California Conquest is a 1952 American Western film directed by Lew Landers and starring Cornel Wilde and Teresa Wright.  The film is set in the early 1840s, and deals with a conspiracy by native Hidalgo Californios to deliver the then-Mexican territory of California to the Russian Empire.

Plot 
Don Arturo Bordega (Cornel Wilde) is part of the old Spanish nobility, and a vocal advocate for California'a annexation by the United States. On his way to a secret meeting in support of that goal, he is attacked by bandits led by José Martínez (Alfonso Bedoya), but narrowly escapes. The planned "guest of honor" at the secret meeting to which Bordega is en route, is none other than then-U.S. Army Captain John Charles Fremont. Martinez's thugs attempt to assassinate Fremont while he is traveling to the same meeting, but succeed only in lightly wounding him. At the meeting, he reveals that the US does not intend to annex California.

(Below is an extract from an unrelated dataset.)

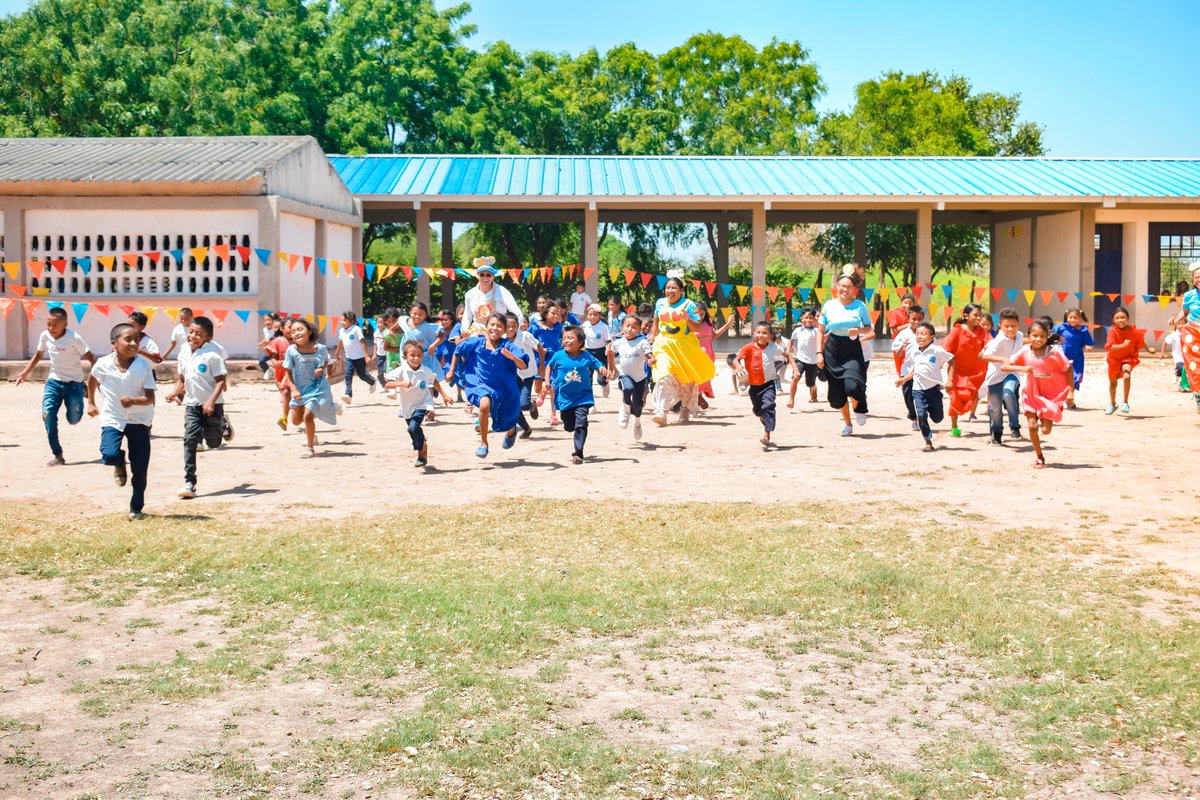 FIMLM's tweet photo. 🇨🇴 Niños del Centro Etnoeducativo #Pulitchamana en #LaGuajira,  aprendieron sobre el manejo de sus emociones y la aplicación de los valores en el contexto cultural, familiar, escolar y social, para mejorar la comunicación #MiNuevaFamilia • Leer más: https://t.co/f7UVYgOnwW https://t.co/EHajy3CDze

It is subsequently revealed that the corrupt Brios brothers, Ernesto (Eugene Iglesias) and Fredo (John Dehner) have paid Martinez to violently oppose the movement advocating American annexation of California, as part of their unscrupulous plot to deliver California to the imperial domain of the Russian Czar (in exchange for a promise to appoint first Ernesto, and later Fredo, as the Russian colonial governor).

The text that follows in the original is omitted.